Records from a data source
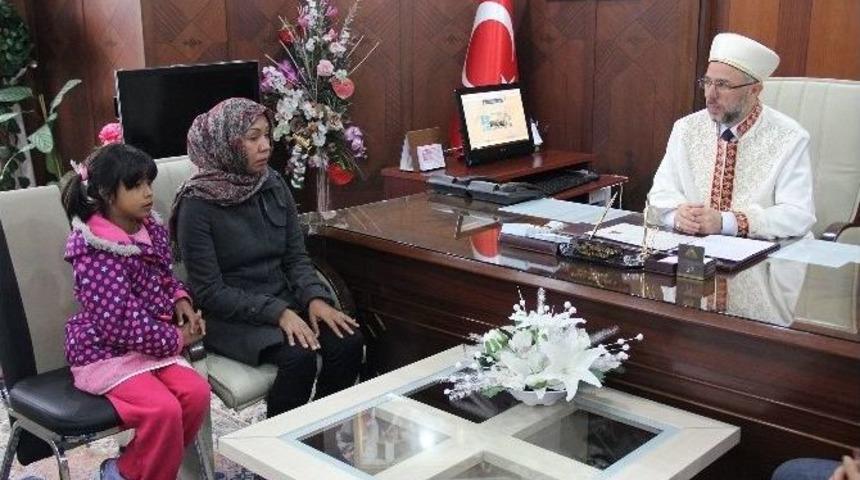 Venezuela Vatandaşı Yeniffer Gomez Porras M&uuml;sl&uuml;man Olarak Zehra Adını Aldı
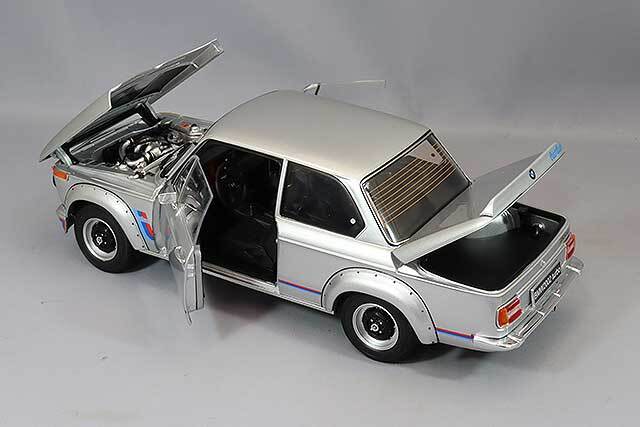 京商 1/18 BMW 2002 ターボ (シルバー)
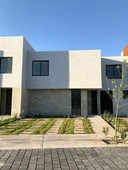 Hermosa Casa en Altos Juriquilla, Jardín, Estudio, 3 Recamaras, Alberca, 2.5 Bañ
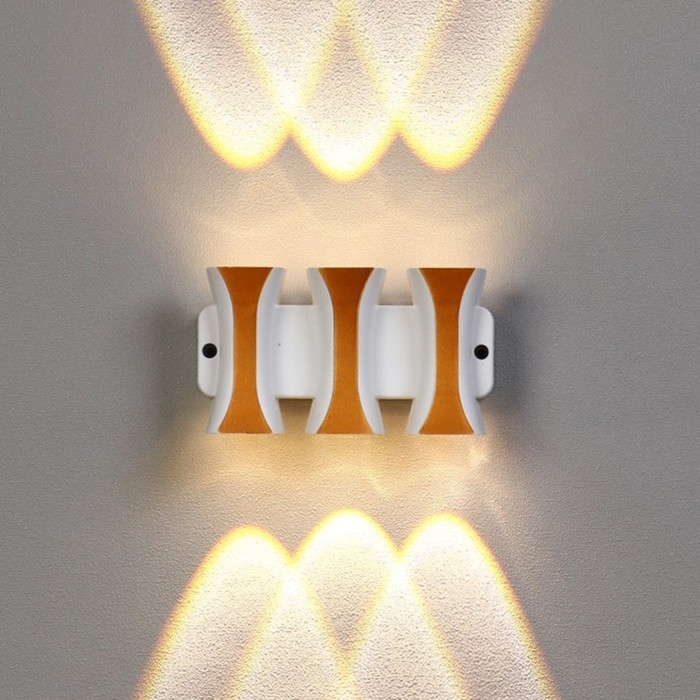 Светильник фасадный «Элегант», FSD-042, 6 Вт, 3000К, 3 луча, IP65, 220 В, пластик, белый Светильник фасадный «Элегант», FSD-042, 6 Вт, 3000К, 3 луча, IP65, 220 В, пластик, белый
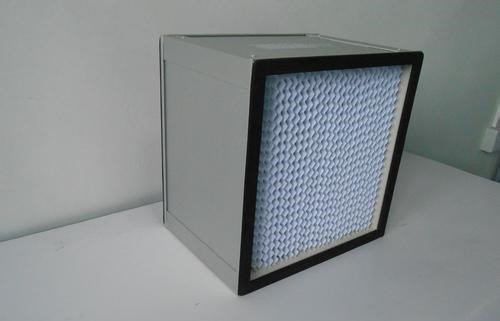 新款ULPA高效過濾器的濾芯用超細玻璃纖維濾料經(jīng)打膠折疊而成，外框可選用夾層木板、鍍鋅銅板、不銹鋼板及鋁合金板，通過聚氨酯膠緊密粘接，具有質(zhì)量輕、透氣量大，集塵率高達99.95-99.999%，且耐堿，耐高溫。ULPA過濾器用于電子廠、半導(dǎo)體、精密機械、制藥、醫(yī)院、食品等行業(yè)中對潔凈度要求交高的民用或工業(yè)潔凈廠所的末端過濾，下面由北方濾器為大家講解新款ULPA(超高效)過濾器的特點及參數(shù)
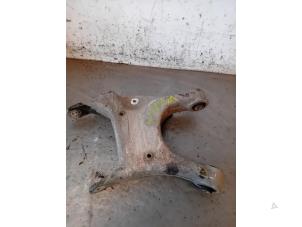 Used Rear lower wishbone, left BMW X5 (F15) xDrive 40e PHEV 2.0 Price on request offered by Autohandel-Smet Gebroeders NV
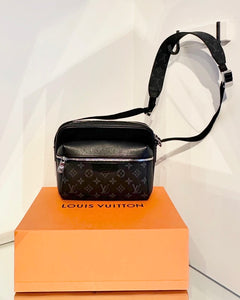 LOUIS VUITTON Outdoor Messenger Bag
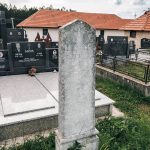 Споменик Миљку Неговановићу на гробљу у Прљевини, Љубање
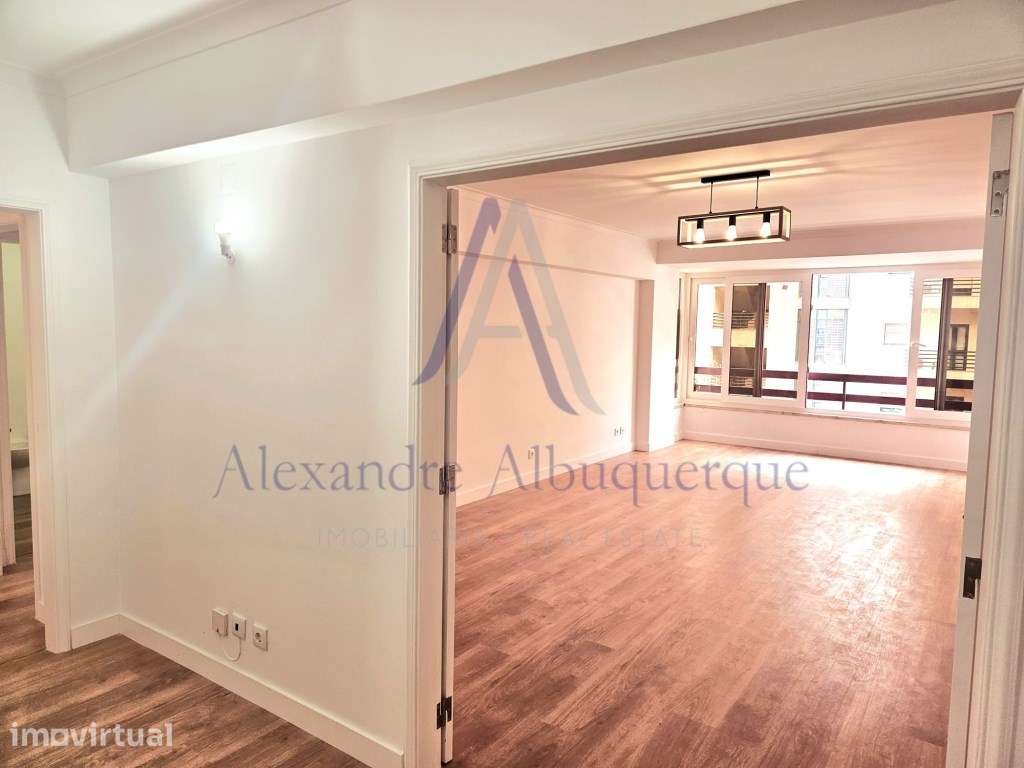 Apartamento T3 Totalmente Remodelado com parqueamento e arrecadação... - Grande imagem: 5/31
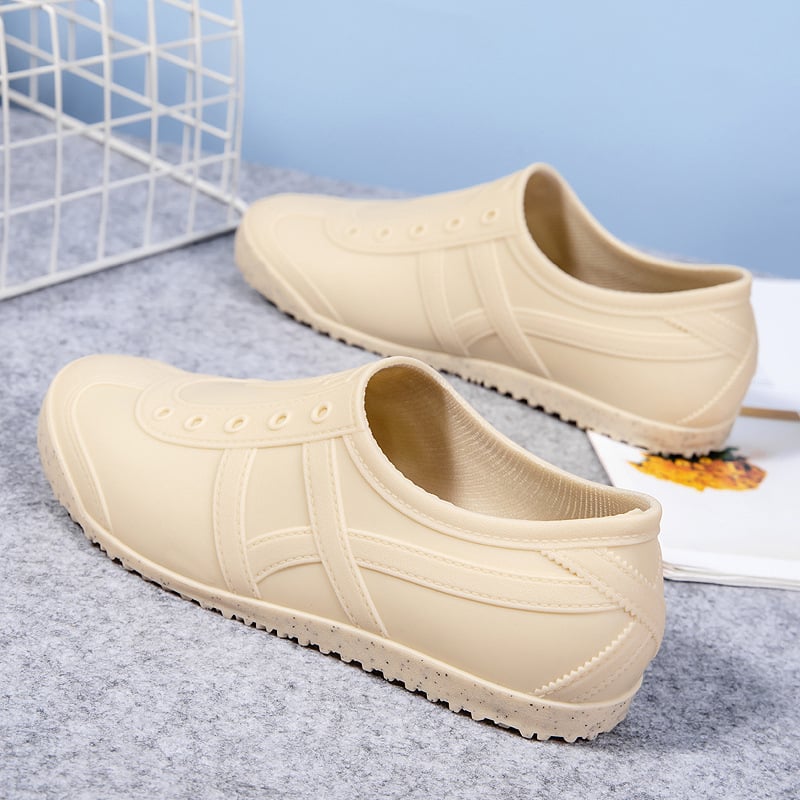 Női vízálló esőcipő alacsony felsőrésszel, PVC felső rész, vastag talp, lapos sarok, minden évszakra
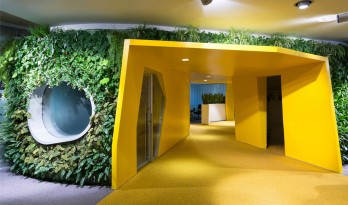 五彩缤纷的室内空间，办公楼里的垂直绿化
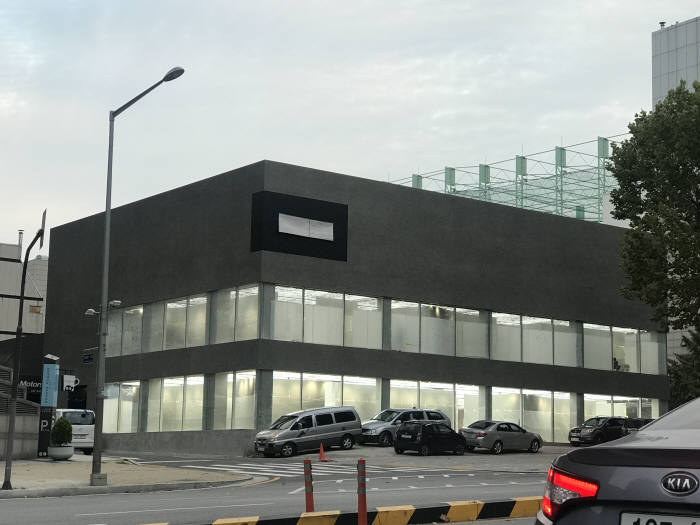 현대차, 제네시스 전용 전시장 첫 오픈…“브랜드 분리 가속화”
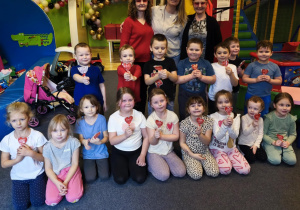 Pamiątkowe, walentynkowe zdjęcie dzieci wraz z nauczycielkami.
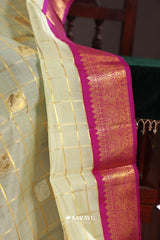 Pista Green Magenta Kora Kanjivaram Silk Saree Zari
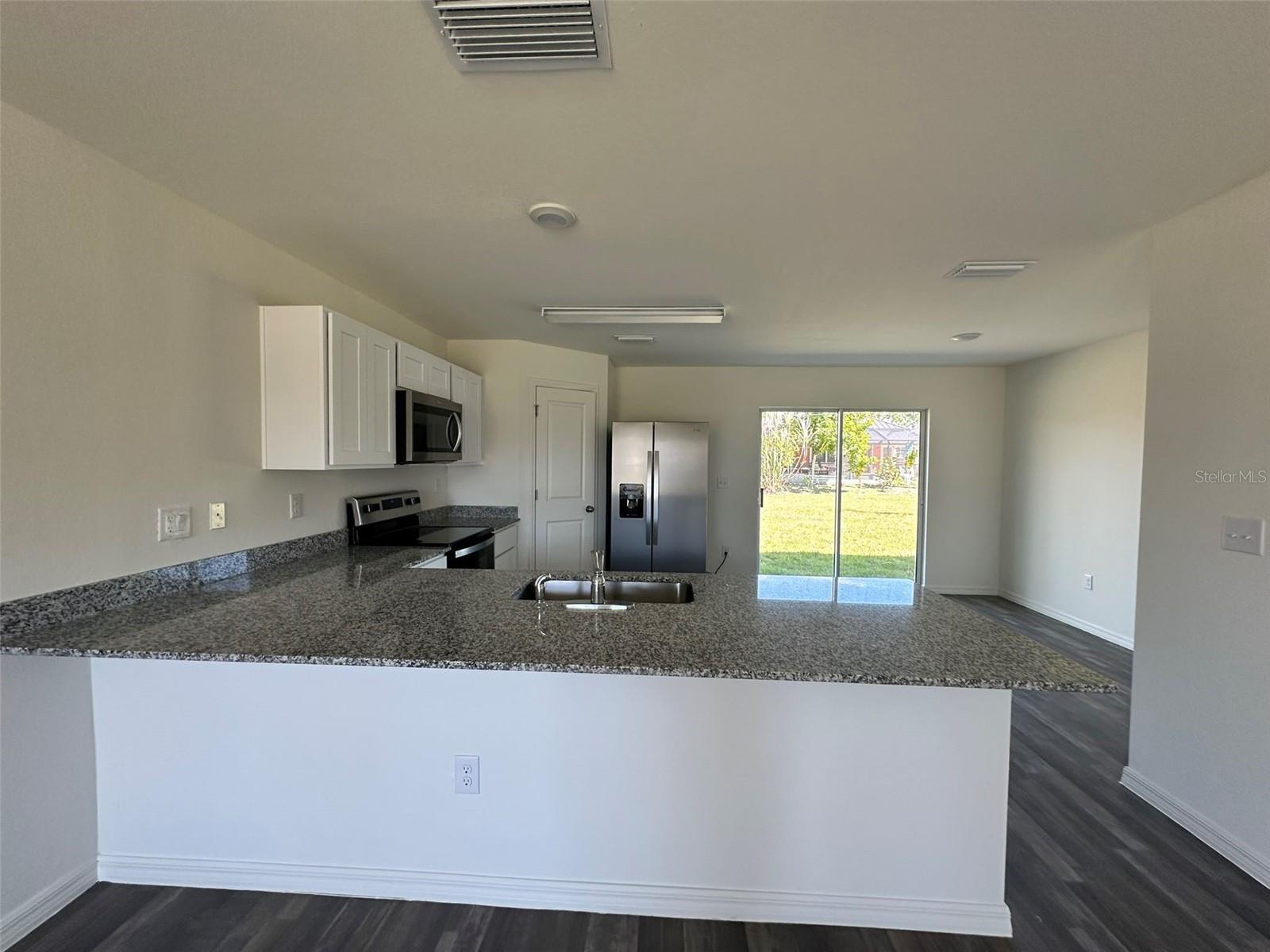 Image 5 of 18 For 1242 Autumn Street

Problem requirements: Each record above should be repeated exactly, please, without pictures.

Written answer:
 Venezuela Vatandaşı Yeniffer Gomez Porras M&uuml;sl&uuml;man Olarak Zehra Adını Aldı
 京商 1/18 BMW 2002 ターボ (シルバー)
 Hermosa Casa en Altos Juriquilla, Jardín, Estudio, 3 Recamaras, Alberca, 2.5 Bañ
 Светильник фасадный «Элегант», FSD-042, 6 Вт, 3000К, 3 луча, IP65, 220 В, пластик, белый Светильник фасадный «Элегант», FSD-042, 6 Вт, 3000К, 3 луча, IP65, 220 В, пластик, белый
 新款ULPA高效過濾器的濾芯用超細玻璃纖維濾料經(jīng)打膠折疊而成，外框可選用夾層木板、鍍鋅銅板、不銹鋼板及鋁合金板，通過聚氨酯膠緊密粘接，具有質(zhì)量輕、透氣量大，集塵率高達99.95-99.999%，且耐堿，耐高溫。ULPA過濾器用于電子廠、半導(dǎo)體、精密機械、制藥、醫(yī)院、食品等行業(yè)中對潔凈度要求交高的民用或工業(yè)潔凈廠所的末端過濾，下面由北方濾器為大家講解新款ULPA(超高效)過濾器的特點及參數(shù)
 Used Rear lower wishbone, left BMW X5 (F15) xDrive 40e PHEV 2.0 Price on request offered by Autohandel-Smet Gebroeders NV
 LOUIS VUITTON Outdoor Messenger Bag
 Споменик Миљку Неговановићу на гробљу у Прљевини, Љубање
 Apartamento T3 Totalmente Remodelado com parqueamento e arrecadação... - Grande imagem: 5/31
 Női vízálló esőcipő alacsony felsőrésszel, PVC felső rész, vastag talp, lapos sarok, minden évszakra
 五彩缤纷的室内空间，办公楼里的垂直绿化
 현대차, 제네시스 전용 전시장 첫 오픈…“브랜드 분리 가속화”
 Pamiątkowe, walentynkowe zdjęcie dzieci wraz z nauczycielkami.
 Pista Green Magenta Kora Kanjivaram Silk Saree Zari
 Image 5 of 18 For 1242 Autumn Street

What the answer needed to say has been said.